После смерти мачехи Настасья Андреевна получила до ста тысяч, накопленных старухой и отказанных ей по духовному завещанию; кроме того, ей следовала седьмая часть из имения. Но она не взяла ничего, предоставив всё брату, с одним условием, чтоб он не лишал Петрушу своей любви и попечений. Федор Андреич согласился на такое условие с особенной охотою: в то время он брал значительный подряд. Дом и деревня по-прежнему остались под присмотром Настасьи Андреевны. Хотя Федор Андреич вышел в отставку и переехал в деревню, но частые отлучки не позволяли ему входить в хозяйственные распоряжения. Да и не к чему было: Настасья Андреевна заменяла ему самого отчетливого управляющего и самую аккуратную ключницу.
Характер Федора Андреича имел очень много родственного с характером покойной мачехи; в нем не было только мелкой скупости, но эгоизм еще больше; на свои прихоти он не жалел денег. Со смертью мачехи, число знакомых, ездивших к ним, не увеличилось: Федор Андреич, как и покойная старуха, не находил удовольствия в обществе. Вообще он был молчалив, равнодушно холоден с домашними и при случае очень взыскателен; особенно опасно было пренебрегать его привычками, которые играли важную роль в его характере: казалось, он ел, пил и спал по одной привычке; при нарушении их холодное равнодушие сменялось горячностью, переходившею в тяжелый, продолжительный гнев, который обрушивался равно на виновных и невинных.
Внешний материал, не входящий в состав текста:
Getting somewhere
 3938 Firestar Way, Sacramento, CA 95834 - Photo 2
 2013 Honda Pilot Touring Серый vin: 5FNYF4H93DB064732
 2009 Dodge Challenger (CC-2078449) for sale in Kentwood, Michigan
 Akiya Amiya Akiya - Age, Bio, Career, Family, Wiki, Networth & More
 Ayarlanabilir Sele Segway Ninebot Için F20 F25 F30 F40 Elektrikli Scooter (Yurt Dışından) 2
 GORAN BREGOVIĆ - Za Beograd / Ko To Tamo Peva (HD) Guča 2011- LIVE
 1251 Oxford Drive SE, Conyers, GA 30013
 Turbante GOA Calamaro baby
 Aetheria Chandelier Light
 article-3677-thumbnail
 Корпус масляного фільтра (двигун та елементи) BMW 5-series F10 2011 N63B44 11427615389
Настасья Андреевна без ропота выносила незаслуженный гнев брата. Она слишком хорошо была приготовлена к покорности. Впрочем, Федор Андреич вел жизнь кочующую; положительные причины тому не были известны сестре: он упорно молчал о своих делах. Как отъезд, так и приезд его были всегда неожиданны. Случалось, что он уезжал в ночь, не простясь с домашними, и находился в отлучке по нескольку месяцев. Писем Федор Андреич не имел привычки писать и также не изъявлял желания их получать. Часто Настасья Андреевна не знала, в какой части России находится брат. При возвращении в деревню и свидании с домашними он не обнаруживал своих чувств ни словом, ни движением, встречал сестру и приемыша, как будто накануне их видел, целовал их, говорил «здравствуйте» и мало любопытствовал знать, что они делали и как жили без него, а о себе рассказывал еще менее.
Поздоровавшись, Федор Андреич тотчас обращался к делам по деревне и счетам, которые подавала ему сестра на разграфированной бумаге, как самый аккуратный управляющий.
Сначала Настасья Андреевна, по сильной своей привязанности к приемышу, боялась, не женился бы брат; но Федор Андреич так мало обращал внимания вообще на женщин, что она скоро совершенно успокоилась.
Теперь нам следует познакомиться с остальными лицами, которых мы видели в первой главе.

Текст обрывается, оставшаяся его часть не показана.